Recorded data: Begin
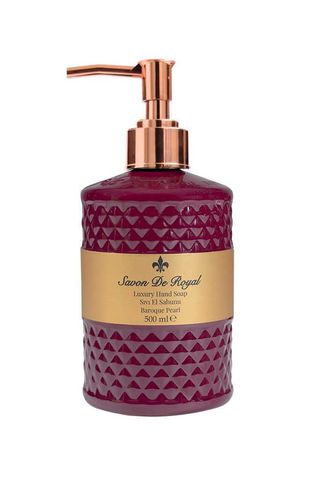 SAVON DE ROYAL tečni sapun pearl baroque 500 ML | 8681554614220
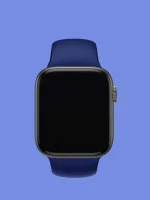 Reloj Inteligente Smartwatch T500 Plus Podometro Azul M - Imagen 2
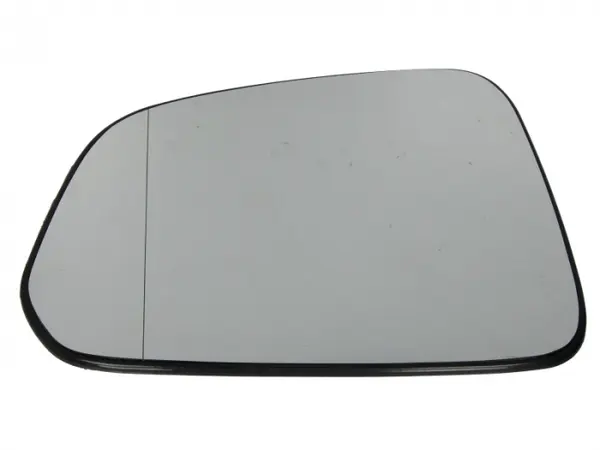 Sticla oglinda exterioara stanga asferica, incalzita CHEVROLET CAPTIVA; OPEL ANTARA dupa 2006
Recorded data: End
Exclude all pictures and return precisely the lines from the one containing "Reloj Inteligente Smartwatch" through the closing line of the data.

 Reloj Inteligente Smartwatch T500 Plus Podometro Azul M - Imagen 2
 Sticla oglinda exterioara stanga asferica, incalzita CHEVROLET CAPTIVA; OPEL ANTARA dupa 2006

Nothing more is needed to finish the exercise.